TONY SHELDON: Many have been there for decades finding their wages job, their security being slashed and burned, and to find Alan Joyce saying that he may forgo a bonus, now he should be handing that $2 million back and he should taking a 62 per cent decrease in income, in line with what the shareholder value drop has been in the last three years.
GREG HOY: Who would want to be the head of Qantas? Well actually, while Qantas remains on the defensive, its key competitor, Virgin Australia, is on the attack.
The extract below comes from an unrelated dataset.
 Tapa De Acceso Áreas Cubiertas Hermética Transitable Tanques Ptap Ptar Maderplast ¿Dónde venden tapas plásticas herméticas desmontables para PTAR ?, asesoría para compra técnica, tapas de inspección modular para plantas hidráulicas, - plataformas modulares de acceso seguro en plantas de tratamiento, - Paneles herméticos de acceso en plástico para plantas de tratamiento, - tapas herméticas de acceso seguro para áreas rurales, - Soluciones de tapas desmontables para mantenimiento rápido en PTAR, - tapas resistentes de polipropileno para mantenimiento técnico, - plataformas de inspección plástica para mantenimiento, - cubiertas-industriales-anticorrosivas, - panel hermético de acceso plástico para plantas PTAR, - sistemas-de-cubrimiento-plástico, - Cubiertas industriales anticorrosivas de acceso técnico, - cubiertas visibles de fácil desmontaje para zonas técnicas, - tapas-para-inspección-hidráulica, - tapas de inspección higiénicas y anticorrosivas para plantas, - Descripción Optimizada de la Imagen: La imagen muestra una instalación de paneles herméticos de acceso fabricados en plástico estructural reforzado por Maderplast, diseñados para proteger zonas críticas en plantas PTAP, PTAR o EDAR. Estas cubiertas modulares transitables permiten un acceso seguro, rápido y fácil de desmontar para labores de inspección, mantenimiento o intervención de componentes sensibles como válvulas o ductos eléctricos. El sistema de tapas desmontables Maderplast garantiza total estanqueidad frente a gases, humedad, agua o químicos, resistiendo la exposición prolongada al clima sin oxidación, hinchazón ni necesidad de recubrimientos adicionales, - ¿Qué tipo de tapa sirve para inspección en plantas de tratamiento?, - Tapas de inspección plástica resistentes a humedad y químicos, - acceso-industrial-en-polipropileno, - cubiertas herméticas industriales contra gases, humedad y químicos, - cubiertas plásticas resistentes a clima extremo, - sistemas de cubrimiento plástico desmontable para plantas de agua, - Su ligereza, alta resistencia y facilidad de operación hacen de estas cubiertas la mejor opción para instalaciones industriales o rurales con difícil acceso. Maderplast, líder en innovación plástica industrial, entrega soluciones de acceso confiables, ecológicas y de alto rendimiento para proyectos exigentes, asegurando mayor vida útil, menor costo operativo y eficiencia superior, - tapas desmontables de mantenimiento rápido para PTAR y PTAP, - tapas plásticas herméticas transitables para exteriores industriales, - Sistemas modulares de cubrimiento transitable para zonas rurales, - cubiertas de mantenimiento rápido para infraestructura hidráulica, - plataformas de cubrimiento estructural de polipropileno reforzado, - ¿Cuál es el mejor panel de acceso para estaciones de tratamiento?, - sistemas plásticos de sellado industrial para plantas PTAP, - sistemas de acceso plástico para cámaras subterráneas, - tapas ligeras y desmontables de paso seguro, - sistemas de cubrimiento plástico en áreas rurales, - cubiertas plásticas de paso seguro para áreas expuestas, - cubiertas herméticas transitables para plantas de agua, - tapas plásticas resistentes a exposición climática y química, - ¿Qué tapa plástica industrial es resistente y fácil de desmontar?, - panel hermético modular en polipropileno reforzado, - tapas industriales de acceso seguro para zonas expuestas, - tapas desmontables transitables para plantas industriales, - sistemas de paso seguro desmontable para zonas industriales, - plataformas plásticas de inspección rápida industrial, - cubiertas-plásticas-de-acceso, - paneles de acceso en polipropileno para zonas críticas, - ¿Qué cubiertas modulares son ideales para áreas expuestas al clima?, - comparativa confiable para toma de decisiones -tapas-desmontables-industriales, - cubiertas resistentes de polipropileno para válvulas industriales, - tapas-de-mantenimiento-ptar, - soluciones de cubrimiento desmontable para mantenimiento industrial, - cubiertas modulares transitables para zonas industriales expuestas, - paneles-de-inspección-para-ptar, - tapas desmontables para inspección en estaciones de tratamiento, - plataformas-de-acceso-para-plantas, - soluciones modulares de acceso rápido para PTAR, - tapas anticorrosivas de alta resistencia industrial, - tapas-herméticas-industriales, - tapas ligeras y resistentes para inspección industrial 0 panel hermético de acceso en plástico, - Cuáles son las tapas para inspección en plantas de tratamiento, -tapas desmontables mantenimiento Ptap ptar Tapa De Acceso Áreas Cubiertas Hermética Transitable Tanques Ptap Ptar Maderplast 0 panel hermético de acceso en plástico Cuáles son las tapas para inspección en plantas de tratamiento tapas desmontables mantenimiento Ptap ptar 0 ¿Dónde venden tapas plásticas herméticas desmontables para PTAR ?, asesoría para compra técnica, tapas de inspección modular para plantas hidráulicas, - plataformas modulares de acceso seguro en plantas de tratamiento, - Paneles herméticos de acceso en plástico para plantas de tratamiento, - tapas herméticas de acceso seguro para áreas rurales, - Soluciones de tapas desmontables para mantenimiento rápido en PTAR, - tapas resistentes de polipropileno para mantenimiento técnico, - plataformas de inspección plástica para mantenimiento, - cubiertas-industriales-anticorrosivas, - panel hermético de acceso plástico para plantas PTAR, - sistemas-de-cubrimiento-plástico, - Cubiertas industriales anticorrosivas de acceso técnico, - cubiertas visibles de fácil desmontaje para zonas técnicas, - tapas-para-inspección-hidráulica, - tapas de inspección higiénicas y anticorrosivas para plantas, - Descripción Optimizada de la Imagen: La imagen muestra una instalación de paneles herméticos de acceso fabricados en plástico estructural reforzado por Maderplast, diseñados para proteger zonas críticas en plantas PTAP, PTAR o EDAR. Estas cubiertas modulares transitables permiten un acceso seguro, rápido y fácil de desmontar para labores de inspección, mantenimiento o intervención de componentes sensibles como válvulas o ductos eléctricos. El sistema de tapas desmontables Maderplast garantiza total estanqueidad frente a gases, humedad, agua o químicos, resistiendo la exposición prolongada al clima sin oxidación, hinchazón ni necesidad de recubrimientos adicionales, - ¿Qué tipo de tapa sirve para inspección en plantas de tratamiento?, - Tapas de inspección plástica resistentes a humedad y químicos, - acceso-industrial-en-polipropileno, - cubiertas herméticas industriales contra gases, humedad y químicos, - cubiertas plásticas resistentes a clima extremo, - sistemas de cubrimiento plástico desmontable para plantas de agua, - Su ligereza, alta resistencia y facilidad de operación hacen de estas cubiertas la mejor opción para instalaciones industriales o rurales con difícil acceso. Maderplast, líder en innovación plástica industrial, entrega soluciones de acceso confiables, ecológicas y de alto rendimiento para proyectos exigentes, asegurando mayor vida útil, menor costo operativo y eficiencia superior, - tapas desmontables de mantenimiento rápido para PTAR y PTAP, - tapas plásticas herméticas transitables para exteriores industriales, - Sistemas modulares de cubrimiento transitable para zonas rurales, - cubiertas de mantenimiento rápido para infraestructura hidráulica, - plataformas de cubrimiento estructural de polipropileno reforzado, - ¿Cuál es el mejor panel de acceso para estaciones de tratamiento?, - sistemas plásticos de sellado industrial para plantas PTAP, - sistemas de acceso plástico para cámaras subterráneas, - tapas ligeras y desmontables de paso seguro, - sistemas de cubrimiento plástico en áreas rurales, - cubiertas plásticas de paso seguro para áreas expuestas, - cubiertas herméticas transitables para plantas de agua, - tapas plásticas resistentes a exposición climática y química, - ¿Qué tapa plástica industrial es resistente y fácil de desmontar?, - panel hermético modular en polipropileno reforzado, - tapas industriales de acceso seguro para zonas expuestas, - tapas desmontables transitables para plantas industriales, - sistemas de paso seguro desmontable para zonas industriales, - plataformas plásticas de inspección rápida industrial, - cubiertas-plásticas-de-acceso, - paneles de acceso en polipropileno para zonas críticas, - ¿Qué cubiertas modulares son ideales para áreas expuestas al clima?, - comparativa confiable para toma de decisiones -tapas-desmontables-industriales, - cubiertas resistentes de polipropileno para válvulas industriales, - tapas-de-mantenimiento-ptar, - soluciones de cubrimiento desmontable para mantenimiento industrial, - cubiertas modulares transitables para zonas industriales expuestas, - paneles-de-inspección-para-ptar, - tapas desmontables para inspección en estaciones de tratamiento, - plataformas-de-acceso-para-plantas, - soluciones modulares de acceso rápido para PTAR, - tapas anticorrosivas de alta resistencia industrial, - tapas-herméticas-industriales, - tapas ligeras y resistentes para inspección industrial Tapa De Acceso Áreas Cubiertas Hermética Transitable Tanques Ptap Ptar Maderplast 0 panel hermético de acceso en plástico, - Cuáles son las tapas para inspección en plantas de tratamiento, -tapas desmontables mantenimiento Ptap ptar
Qantas defector John Borghetti, who was overlooked for the chief executive's job that went to Alan Joyce, has now turned on his former employer with a vengeance as Virgin's chief, dragging the budget carrier upmarket.
TONY WEBBER: He seems like he's doing a number on his good mate, Alan Joyce, at the moment. He's taking some market share away from him. He's expanding very, very quickly.
BRAD HODSON: Qantas has pursued what we'd term risky ventures into Asia, Red Q, Jetstar Pacific. Pretty much those things, they've spent a lot of money, but there's no return on capital there.
GREG HOY: Aviation unions recently surveyed staff at Virgin and Qantas to ask if the right management was running the airline.
TONY SHELDON: 85 per cent of employees do not have confidence in the direction that Qantas is taking. And when you compare that with their major competitor in the domestic market, Virgin, there's only 1.5 per cent of employees at Virgin do not have confidence in their management.
GREG HOY: But it's not just unions beginning to ask if Qantas should remain in the hands of current management.
BRAD HODSON: Management have failed to a articulate a clear path into the future.
VAS KOLESNIKOFF: Unfortunately, it appears the current management doesn't seem to have an answer for what's going on.
TONY WEBBER: Private equity guys out there are looking at the numbers very, very closely. There might be an opportunity to buy and carve up Qantas, as they attempted to do a few years back.